Er zijn weer nieuwe cijfers over de Amerikaanse huizenmarkt naar buiten gebracht. Daaruit blijkt dat de huizenprijzen in Amerika in maart 2011 verder zijn gedaald en ook harder dan van tevoren werd verwacht. Dit blijkt uit de welbekende huizenprijsindex van S&P, genaamd de Case-Chiller index. Deze graadmeter staat momenteel op het laagste punt in negen jaar. Op jaarbasis daalden de prijzen van woningen in de 20 grootste stedelijke regio’s van de VS met 3,9%. Analisten hadden een daling van 3,2% verwacht. Een maand eerder bedroeg de jaarlijkse daling van de huizenprijzen nog 3,3%.
In slechts één van de 20 regio’s steeg de gemiddelde huizenprijs. In de hoofdstad Washington stegen de huizenprijzen met 4,3%, maar dat is natuurlijk niet zo gek, aangezien al het geld daar direct of indirect verbonden is met de overheid. Die overheid die daar in Washington zit, is ook één van de redenen waarom de economie in Amerika nog steeds groeit. Door de honderden miljarden dollars die onder de noemers QE en QE2 worden gespendeerd. In de andere 19 regio’s daalden de woningprijzen fors. Minneapolis spande de kroon met een gemiddelde daling van 10%, maar ook in Phoenix (-8,4%) en Seattle (7,6%) daalden de prijzen van huizen nog steeds flink.
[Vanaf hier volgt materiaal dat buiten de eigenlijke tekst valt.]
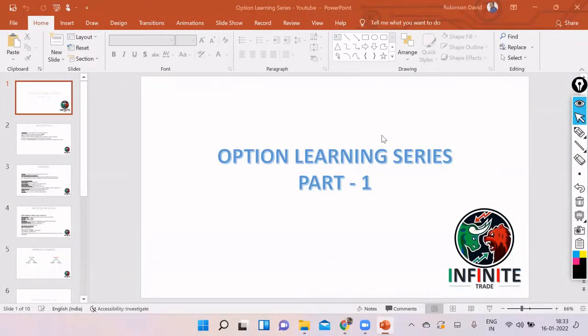Good evening friends. I'm going to start a new series on option learning. This will include some basic points about derivatives or options that we are planning to trade. We will also talk about some strategies for intraday — both directional and non-directional — which can be used for intraday as well as positional trading.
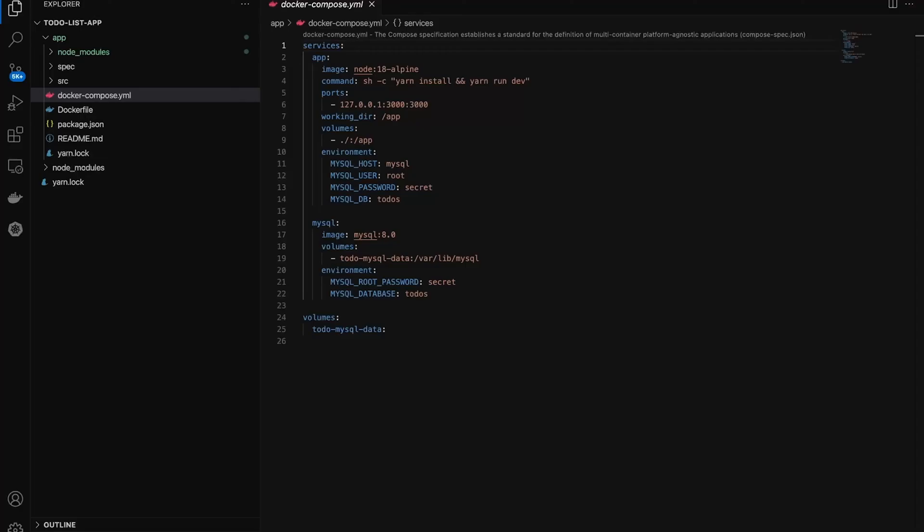Enter Docker Compose. With Docker Compose, you define your multi-container setup in a single YAML file. That's right, one file. You outline which images to use or build, the ports, the volumes, and how these containers should talk to one another.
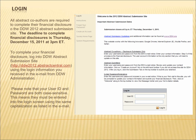The deadline to complete financial disclosures is Thursday, December 15, 2011 at 3 p.m. Eastern Standard Time. To complete your financial disclosure, log into the DDW Abstract Submission site and use the login information you received in the email provided by DDW Administration. Please note that your user ID and password are both case sensitive, meaning they must be entered using the same capitalization as listed in the email.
Ook werden er cijfers over het Amerikaanse consumentenvertrouwen gepubliceerd. Het vertrouwen daalde naar het laagste punt in zes maanden. Aan het fundament van de kredietcrisis lag de huizencrisis in de VS. De gemiddelde Amerikaanse huizenprijs is sinds de piek in 2006 volgens de gerenommeerde index al met meer dan 33% gedaald. Tekenen dat het alles behalve goed gaat met de Amerikaanse huizenmarkt en dat we kunnen spreken van een dubbele dip.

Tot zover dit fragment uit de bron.